■ PROBLEM DETAILS:
Your answer must be an exact copy of the listing, with the images left out.

■ PROVIDED DATA:
..........
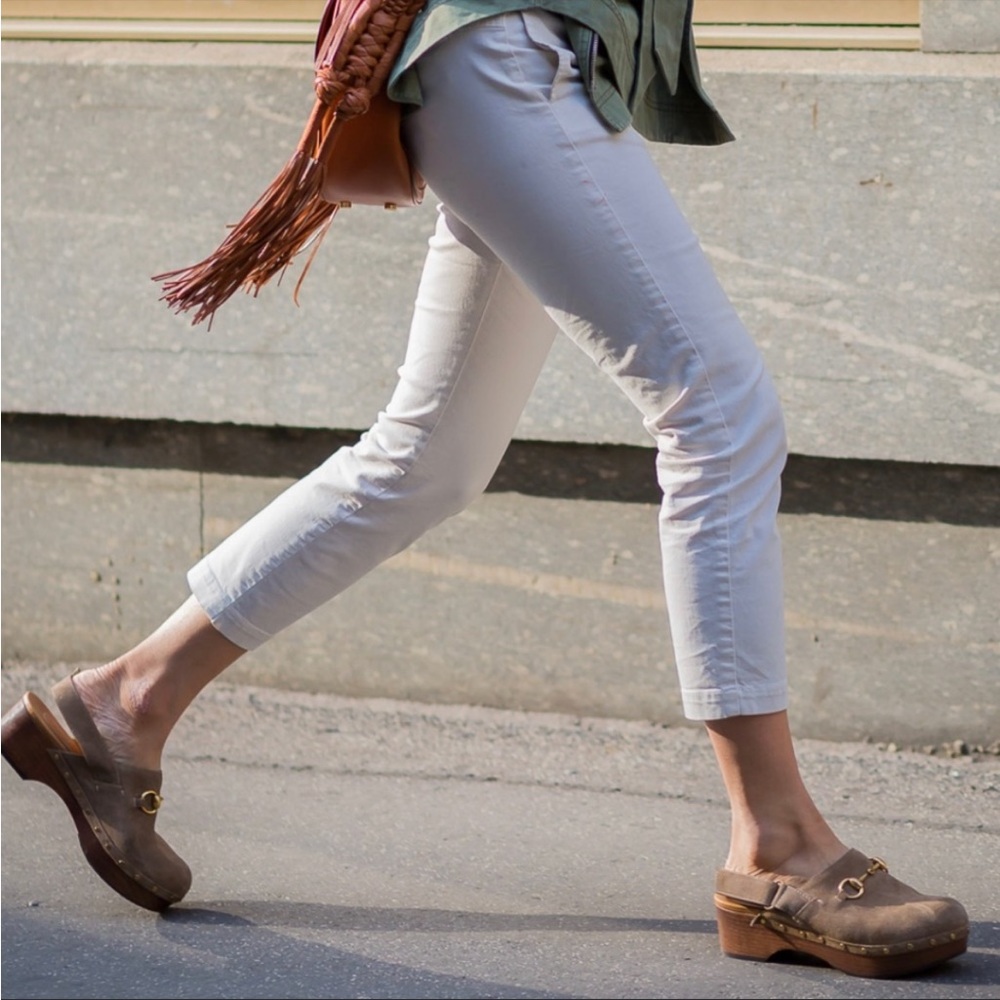 Gucci Amstel Suede Clogs Tan Brown EU 38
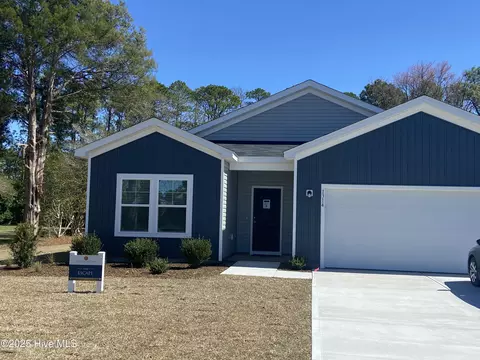 919 Sea Holly Ct, New Bern, NC 28560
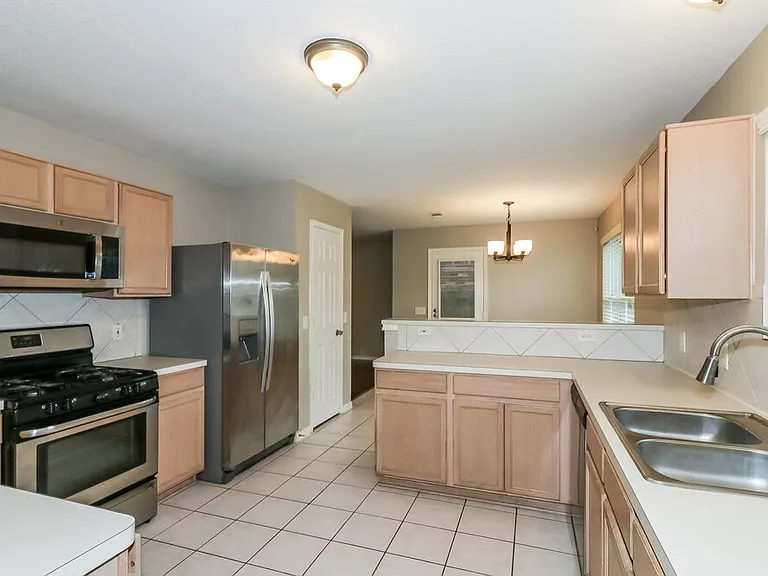19119 Royal Isle Dr — Photo 8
..........
■ EXERCISE ANSWER:
 Gucci Amstel Suede Clogs Tan Brown EU 38
 919 Sea Holly Ct, New Bern, NC 28560
19119 Royal Isle Dr — Photo 8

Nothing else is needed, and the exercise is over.